#### Captioned web images:
--------------------------------

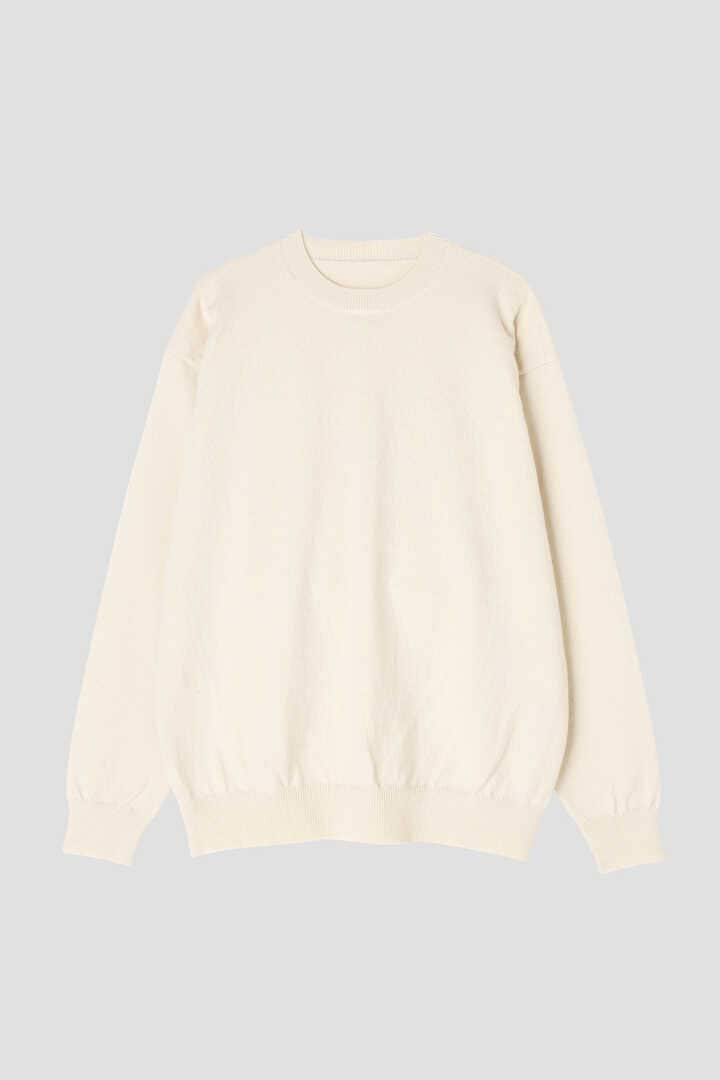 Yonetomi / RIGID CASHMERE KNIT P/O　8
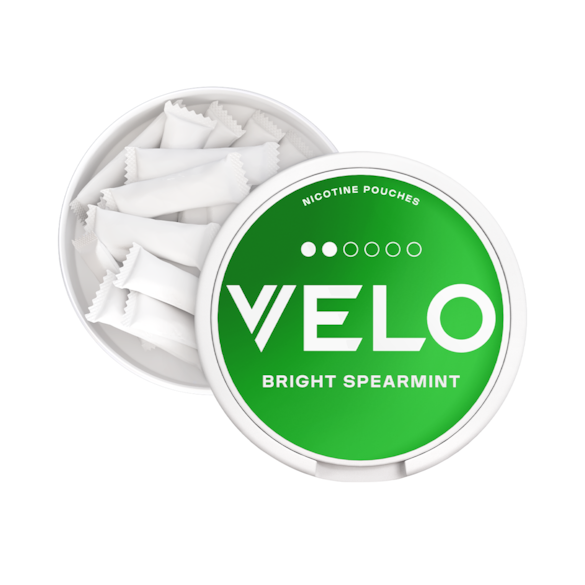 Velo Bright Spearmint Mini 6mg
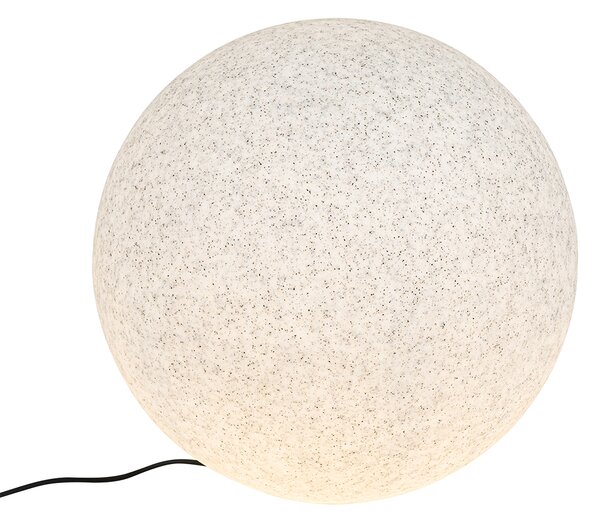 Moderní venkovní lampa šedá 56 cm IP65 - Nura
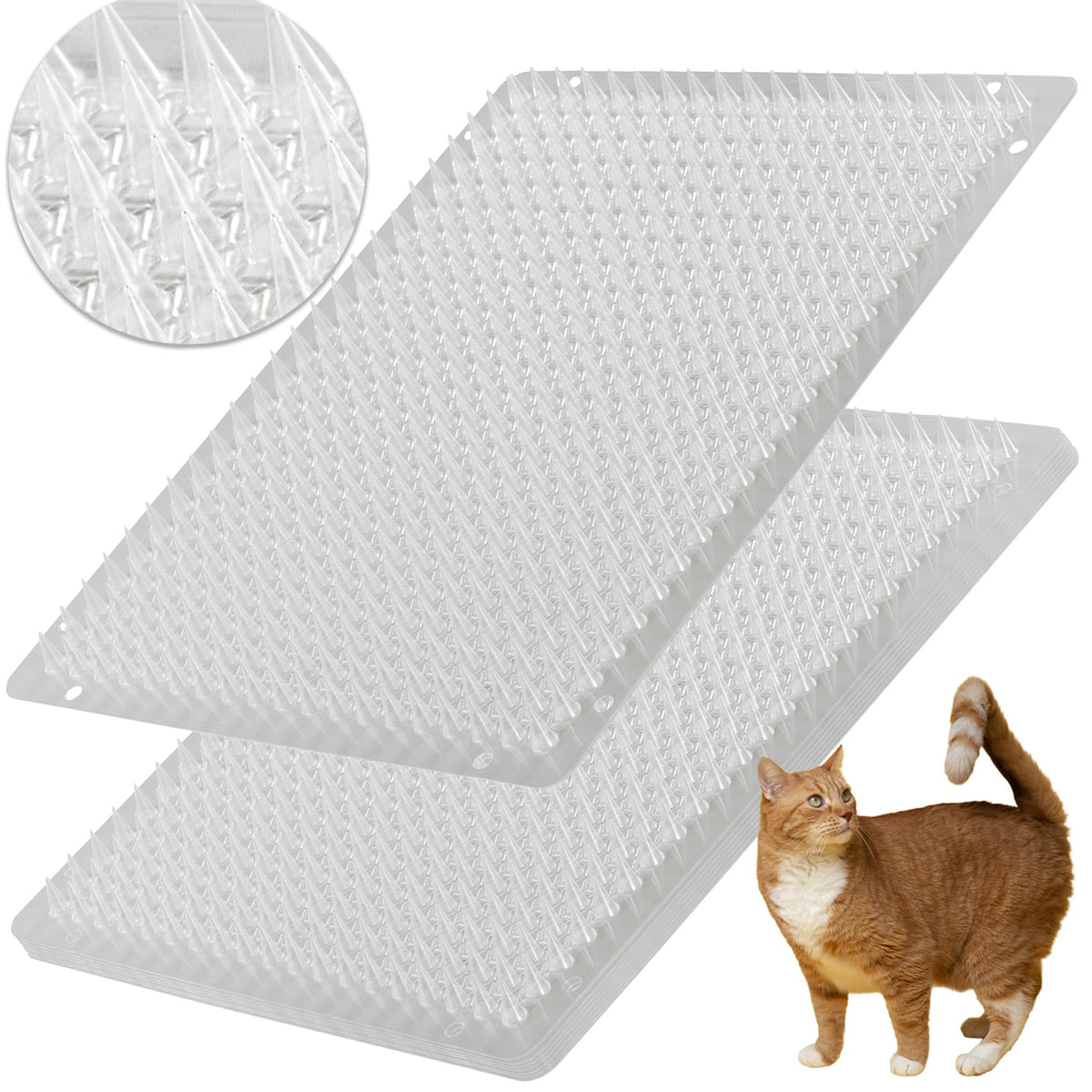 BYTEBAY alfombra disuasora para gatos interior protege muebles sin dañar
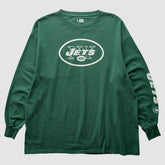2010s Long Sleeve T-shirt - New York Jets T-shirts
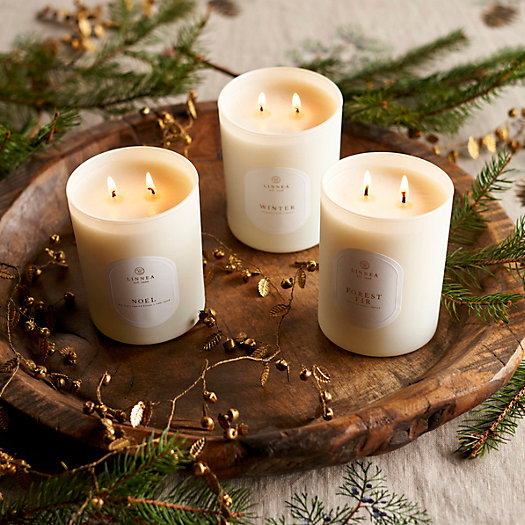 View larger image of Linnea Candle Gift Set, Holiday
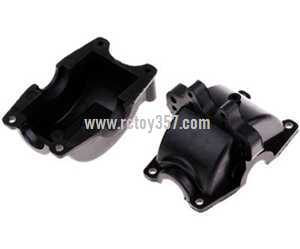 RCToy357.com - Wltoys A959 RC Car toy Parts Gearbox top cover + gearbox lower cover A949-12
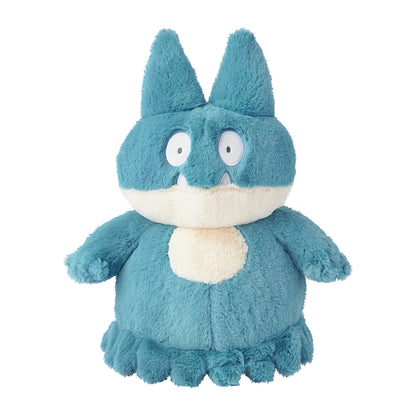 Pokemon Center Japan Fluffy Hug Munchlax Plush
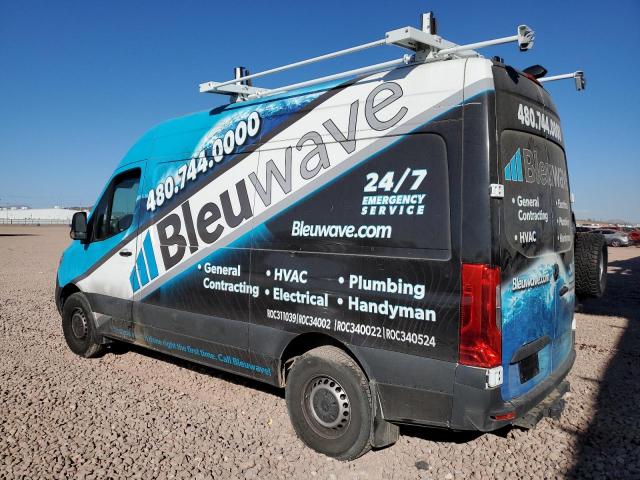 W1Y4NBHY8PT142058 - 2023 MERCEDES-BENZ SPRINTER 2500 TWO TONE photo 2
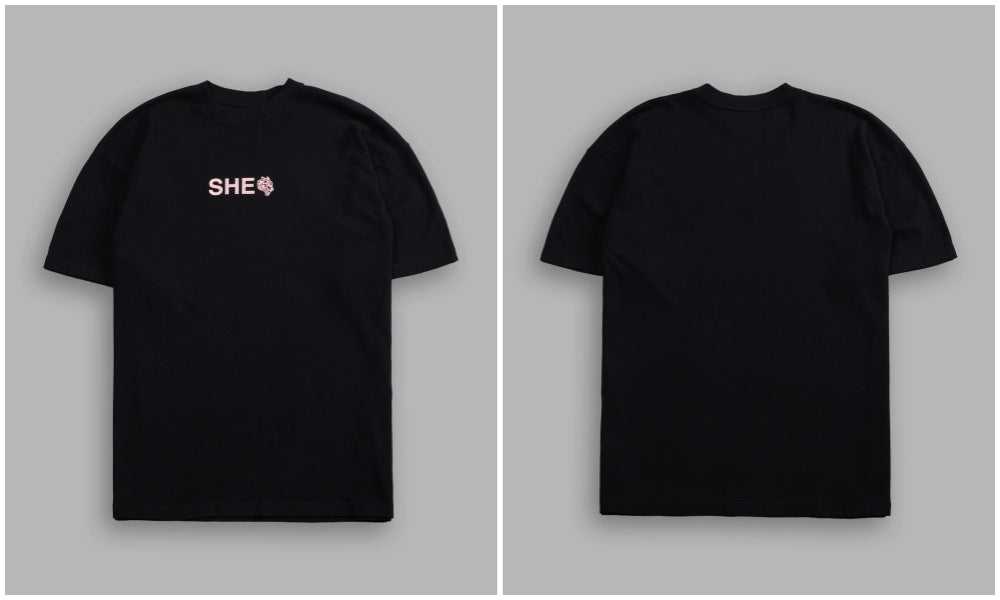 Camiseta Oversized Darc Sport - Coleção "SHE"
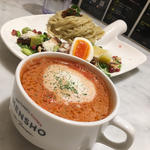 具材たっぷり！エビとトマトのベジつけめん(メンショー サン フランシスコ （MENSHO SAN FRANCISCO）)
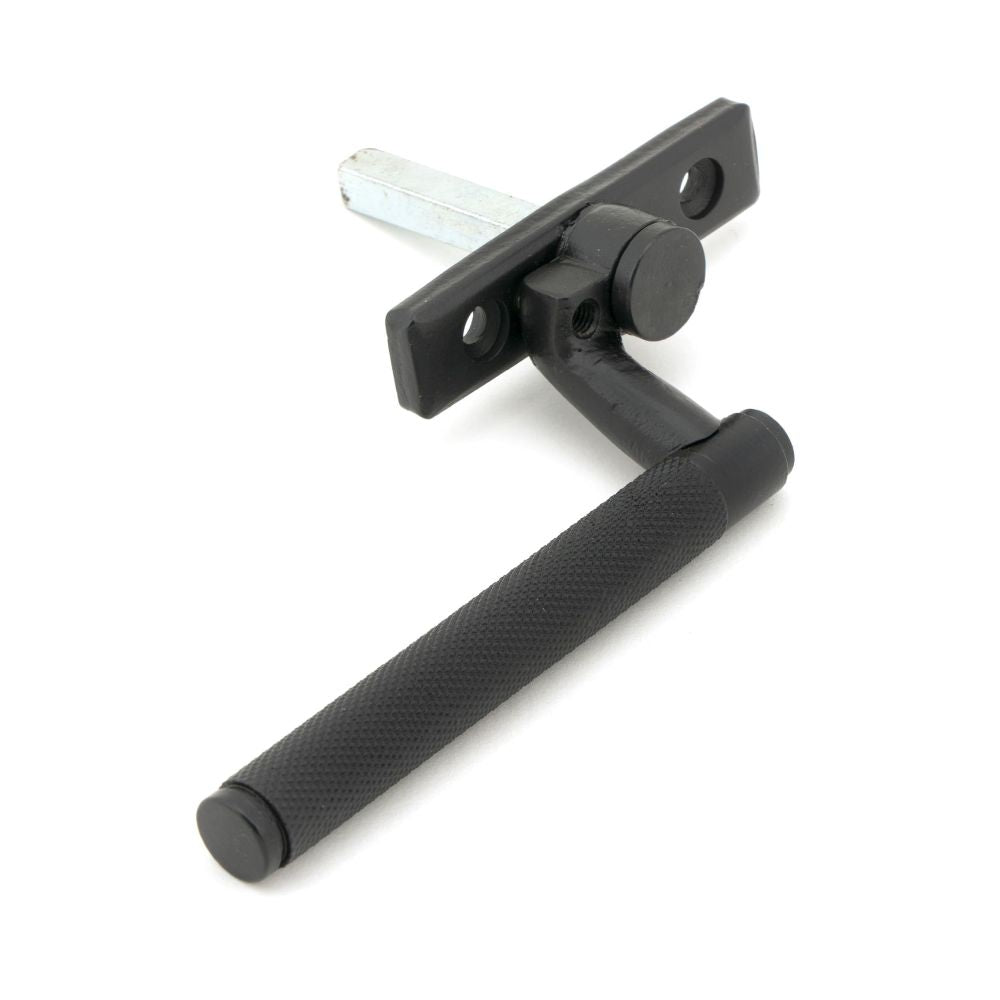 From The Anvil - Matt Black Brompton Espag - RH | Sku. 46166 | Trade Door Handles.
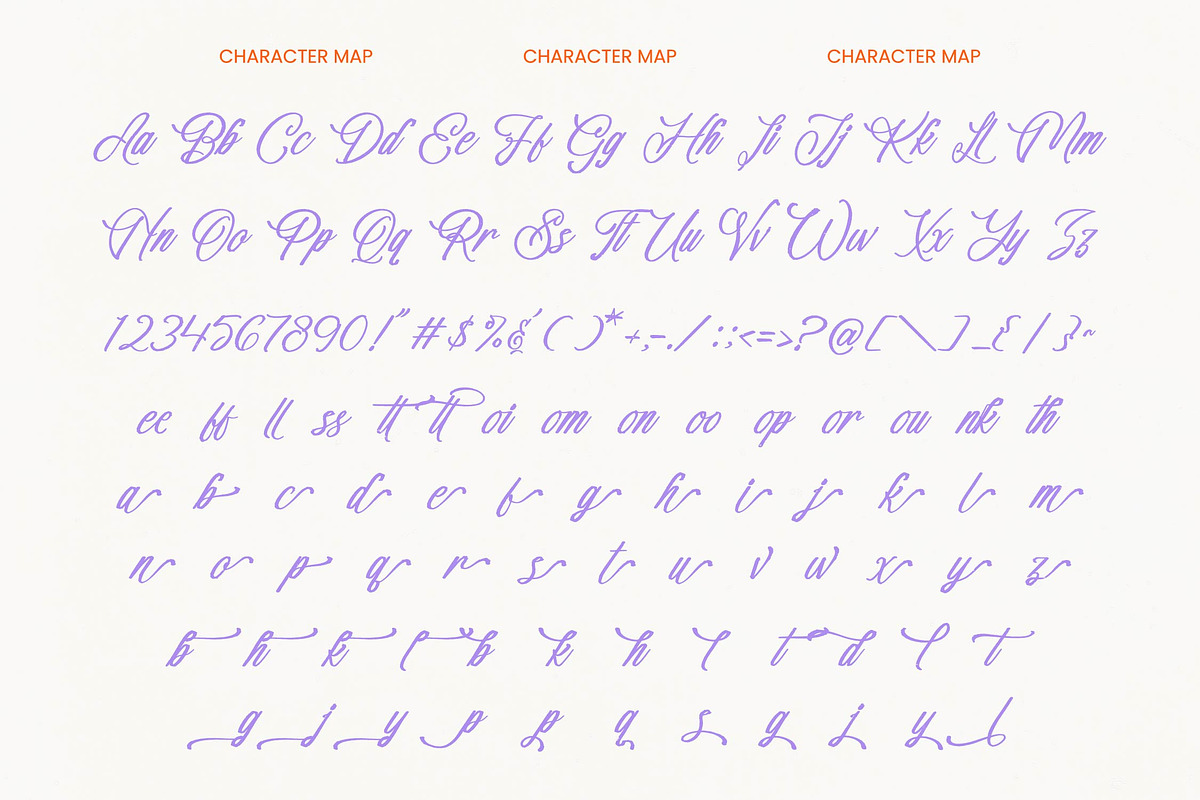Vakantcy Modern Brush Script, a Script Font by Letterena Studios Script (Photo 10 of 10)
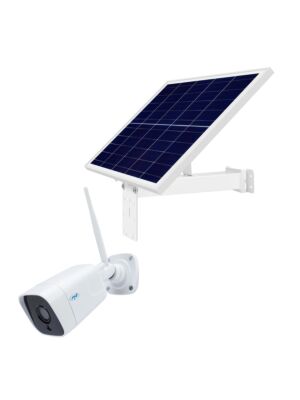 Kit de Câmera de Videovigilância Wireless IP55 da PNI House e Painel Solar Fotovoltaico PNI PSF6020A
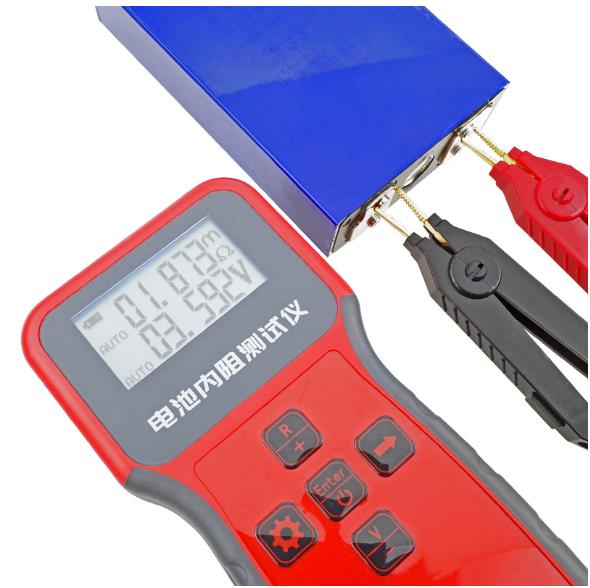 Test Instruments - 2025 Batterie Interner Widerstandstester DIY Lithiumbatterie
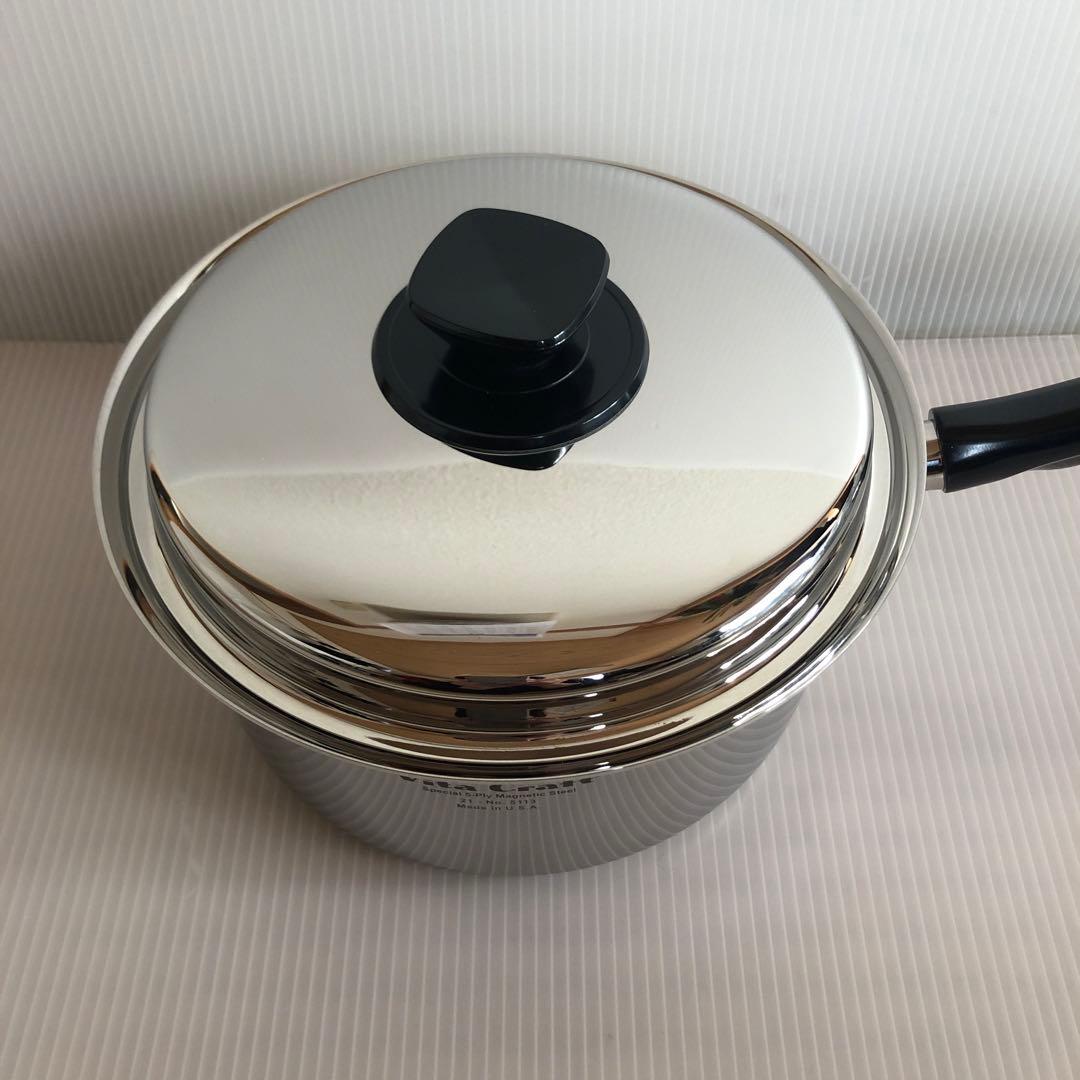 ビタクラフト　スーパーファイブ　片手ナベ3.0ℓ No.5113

--------------------------------

#### WORK INSTRUCTIONS:
Repeat exactly the lines from the first line of the records above through the line containing "具材たっぷり！エビとトマトのベジつけめん(メンショー サン フランシスコ", both included. Leave out the pictures.

#### PROBLEM SOLUTION:
 Yonetomi / RIGID CASHMERE KNIT P/O　8
 Velo Bright Spearmint Mini 6mg
 Moderní venkovní lampa šedá 56 cm IP65 - Nura
 BYTEBAY alfombra disuasora para gatos interior protege muebles sin dañar
2010s Long Sleeve T-shirt - New York Jets T-shirts
 View larger image of Linnea Candle Gift Set, Holiday
 RCToy357.com - Wltoys A959 RC Car toy Parts Gearbox top cover + gearbox lower cover A949-12
 Pokemon Center Japan Fluffy Hug Munchlax Plush
 W1Y4NBHY8PT142058 - 2023 MERCEDES-BENZ SPRINTER 2500 TWO TONE photo 2
 Camiseta Oversized Darc Sport - Coleção "SHE"
 具材たっぷり！エビとトマトのベジつけめん(メンショー サン フランシスコ （MENSHO SAN FRANCISCO）)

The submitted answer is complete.